O relatório de empregos (payroll) dos EUA para junho revelou uma criação de vagas significativamente abaixo do esperado, mesmo com a taxa de desemprego em queda. A interpretação do mercado é de que o Federal Reserve terá menos pressão para manter uma política monetária restritiva, levando à reavaliação dos prêmios de juros nos ativos globais e enfraquecendo o dólar. Isso impulsiona ativos de risco como o ETF QQQ, beneficia o mercado brasileiro via EWZ e empresas sensíveis a juros como CYRE3, enquanto pressiona o DXY e exportadoras brasileiras como VALE3. Para o investidor brasileiro, a queda do USDBRL para 5.1841 e a perspectiva de juros americanos mais estáveis ou em queda representam um alívio, diminuindo o custo da dívida externa e incentivando o fluxo de capital.

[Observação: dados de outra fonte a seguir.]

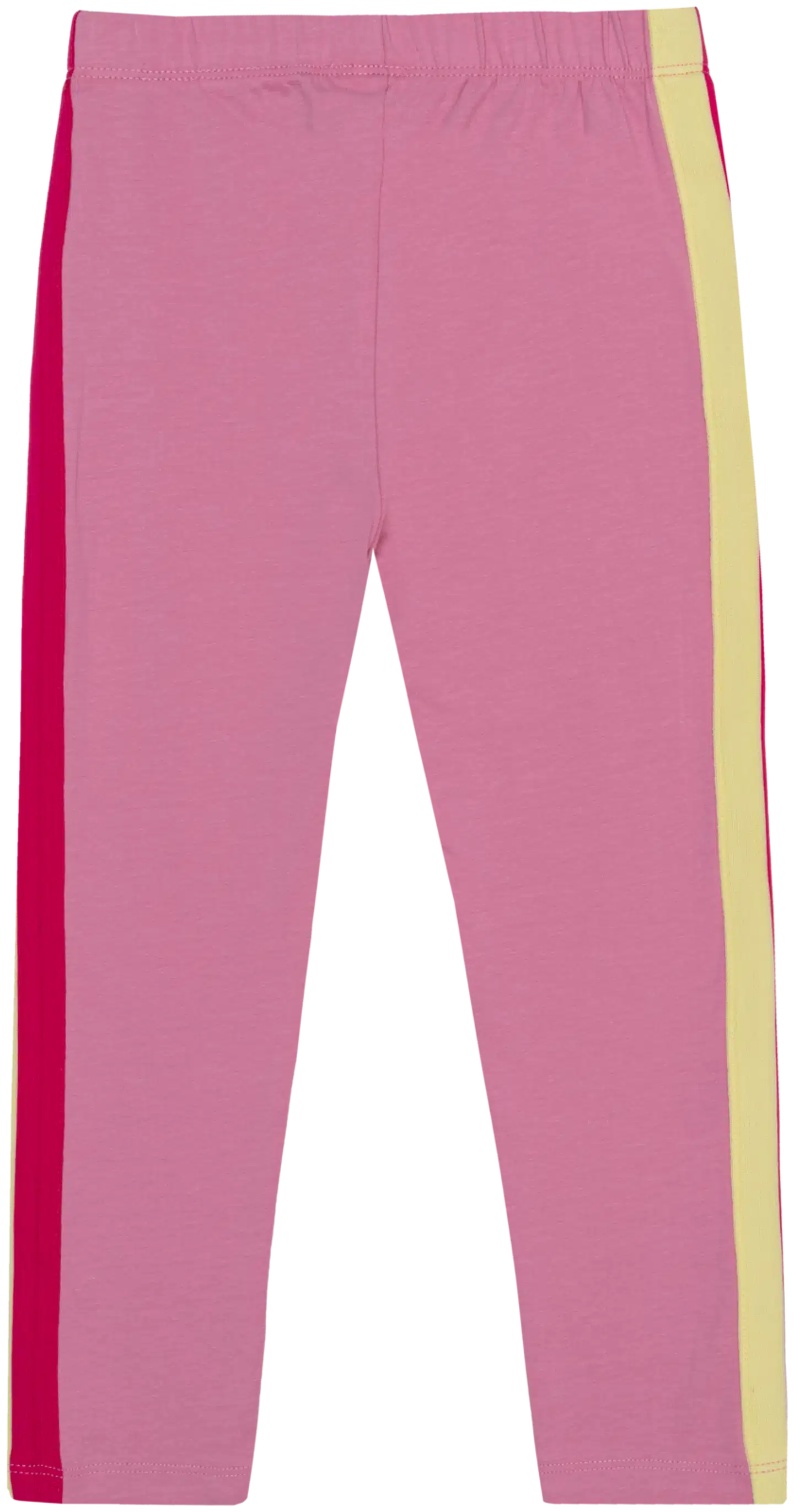 Ciraf lasten leggingsit 25TC261112 - Carbaret 18-2140 Tcx - 2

Um paralelo histórico pode ser visto em 2019, quando dados de emprego fracos nos EUA levaram a cortes de juros do Fed, resultando em uma valorização de aproximadamente 8% do real frente ao dólar no segundo semestre. O próximo gatilho será a divulgação do CPI dos EUA e os comentários de membros do Federal Reserve, que fornecerão mais clareza sobre a trajetória da política monetária. No médio prazo (3-6 meses), a continuidade de dados macroeconômicos fracos nos EUA pode consolidar um cenário de dólar mais fraco e apetite por risco em mercados emergentes, embora a inflação subjacente permaneça um risco.

Análise

Nas próximas 24-72 horas, o dólar (DXY em 100.78) deve continuar sob pressão de venda, enquanto ativos de risco e o real (USDBRL em 5.1841) devem se manter firmes. No médio prazo (2-4 semanas), a sustentabilidade dessa tendência dependerá dos próximos dados de inflação e da comunicação do Federal Reserve, que podem consolidar ou reverter as expectativas de juros.